WHEN YOU HAVE DONE THAT, PULL THIS DOWN AND LOOK IN THE MIRROR.
You did what was necessary to survive, keeping your head down and stumbling blindly along.
But if you were very lucky, every once in a while you got a chance to try to shove the night back a little. If your nerve held, and if you could still believe that turning the grim eclipsing tide was possible.
YOU WILL PROBABLY HAVE NIGHTMARES ABOUT ME. I CAN’T HELP THAT, AND HOPE YOU CAN REMEMBER ME FONDLY IN SPITE OF THEM.
The commboard chimed.
His heart began to race, and his hands tightened on his cup. He had to swallow hard before he could speak.
“Yes?”
“Incoming message,” the comm’s smooth, sexless synthesized voice informed him crisply.
“Go ahead.” He closed his eyes. Some obscure impulse made him cross his silver fingers.
“A one-thousand-credit posting you made on Vespa has been returned to your account,” the comm announced. “There is a printed message attached. Shall I read it?”
Marchey settled back, eyes still closed, the better to savor the moment. “Yes. Proceed.”
“ ‘You can wake up from bad dreams, and choose to dream better ones. I know that now. Thank you. If the knight in shining armor is ever on Vespa again and needs some repairs done on his tinwork, look me up.’ The message is signed Delores Esterbrook.”
Marchey’s face eased into a satisfied smile. In his mind he saw her smiling back at him, her face lit like a lamp raised against the dark.
Both sides of it.
—
The third—no, fourth quatriliter of Mauna Loa was empty.
The memory of that smile barely touched him anymore. And as for choice—
Marchey chose to stand, get his bearings, and head for his room so he could finish drinking himself to sleep.
2 Administration of Tests
The temporary cubby he’d been assigned was in the half-g section of the hospital wheel. The combination of reduced gravity and enough whiskey under his belt to stop most men’s clocks had him moving with the slow, exaggerated caution of someone attempting to walk on the ceiling.
His mind precessing like a gyroscope, he considered the day’s events. As layovers went this had been about average.

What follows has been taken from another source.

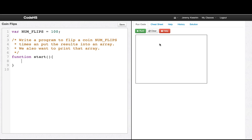In this video we're going to practice writing a few more programs with arrays, getting used to looping through an array or iterating through an array, because it's something that's really common. The first program we'll do is write a program that flips a coin num flips times, put the results into an array, and then print that array.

Forgettable. In the morning he’d be back on the circuit. In a month the only thing he’d be able to remember about today was the excellent Mauna Loa whiskey.
Next stop… where? Ganymede? It didn’t matter. Thanks to the splendid efficiency of MedArm he didn’t have to know. He would be picked up and deposited there like a chess piece.
Queen to King’s bishop 3. The Red Queen, of course. Running like hell but getting absolutely nowhere.
The image made him laugh. But it was a joyless, unpleasant bark that caused a young couple waiting for the elevator farther along the corridor to turn and stare.
He gave them a less than reassuring grin. “Actually,” he called cheerfully, “I’m more a pawn than a queen.” He blew them a kiss. “Really.”
They retreated toward the stairwell, glancing nervously back over their shoulders and whispering. The expressions on their faces suggested that they thought he might be an escapee from the wing with the padded walls.
Marchey’s attention had already strayed from them and back to the task of keeping his feet under him. Whispers were nothing new; they were the sound of the blur, signifying nothing. A behind his back shout of Freak! or Quack! could still penetrate his awareness, but that was about all.